About the Project

View the Tulane MPS 2016 Presentation of the Carrollton Courthouse

The Carrollton Courthouse, located at 701 South Carrollton Avenue, was designed by the noted 19th century Louisiana architect Henry Howard. It was constructed in 1855 as the center of government for Jefferson Parish. After the annexation of Carrollton by New Orleans in 1874, the building was converted into a school. After serving in this capacity for over a century, the courthouse has sat empty since 2013. In June of 2015, the National Trust for Historic Preservation brought national attention to the courthouse by naming it one of America’s 11 Most Endangered Places.

In October 2015, the Carrollton Courthouse became the site of the building conservation studio of Tulane University’s Masters in Preservation Studies program. This website serves to consolidate the information generated during this study, to better inform community members and stakeholders about the history, context, and evolution of this site.

Why did we take on the project?  Read here about the Rationale.

Who worked on the project?  Meet the students and Contributors.

Since the class:

January 28, 2016: A presentation regarding the findings of the Building Presentation Studio took place on January 28th at 6:00 pm in Room 201 of Richardson Memorial Hall on the Tulane campus.

February 27, 2016: Students Kelly Calhoun and James Rolf were invited to make a presentation of the Carrollton Courthouse at the Benjamin Franklin High School 50-Year Class Reunion.

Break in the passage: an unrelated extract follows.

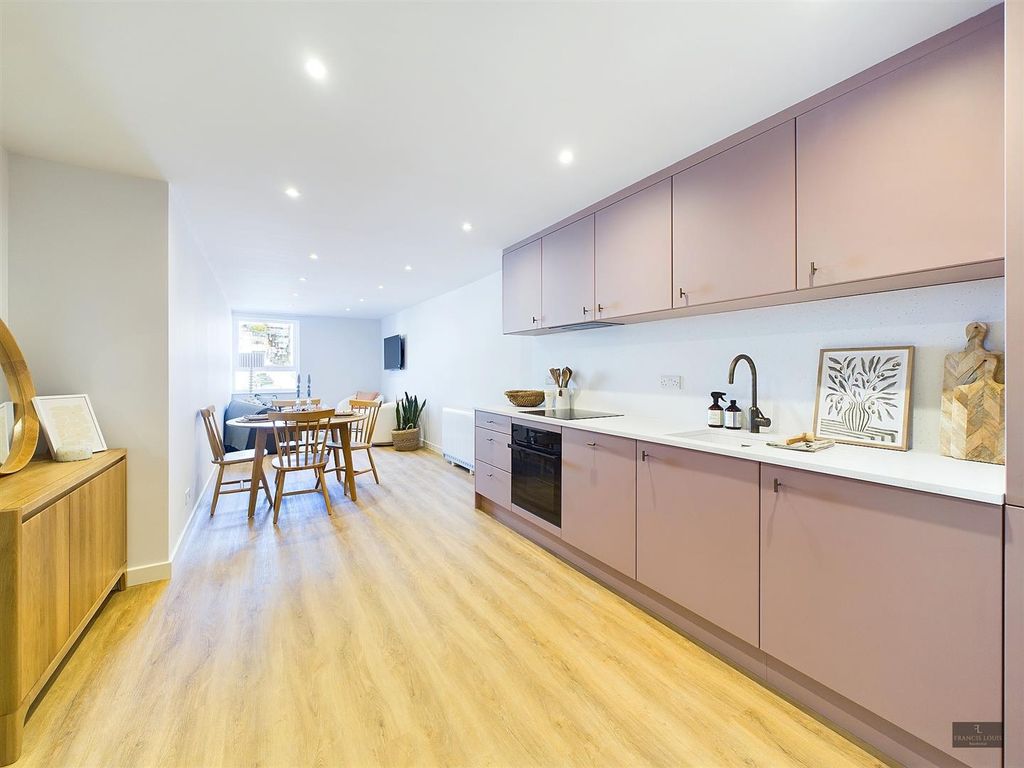 Property photo 1 of 9 Cam02887G0-Pr0283-Still006.Jpg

March 22, 2016: Barri Bronston writes, “Students propose designs for old Carrollton Courthouse” in an online publication: https://news.tulane.edu/news/students-propose-designs-old-carrollton-courthouse

August 16, 2016: James Rolf, a Fall 2016 Studio classmate, discusses development and rezoning of the property with the Orleans Parish Recovery School District.  http://uptownmessenger.com/2016/08/carrollton-courthouse-neighborhood-meeting-live-coverage/

March 23, 2017: The Carrollton Courthouse was sold in an auction to Houstonian Carl Mittendorf of Houston, Texas for $4.7 million, who plans to turn it into a senior living community.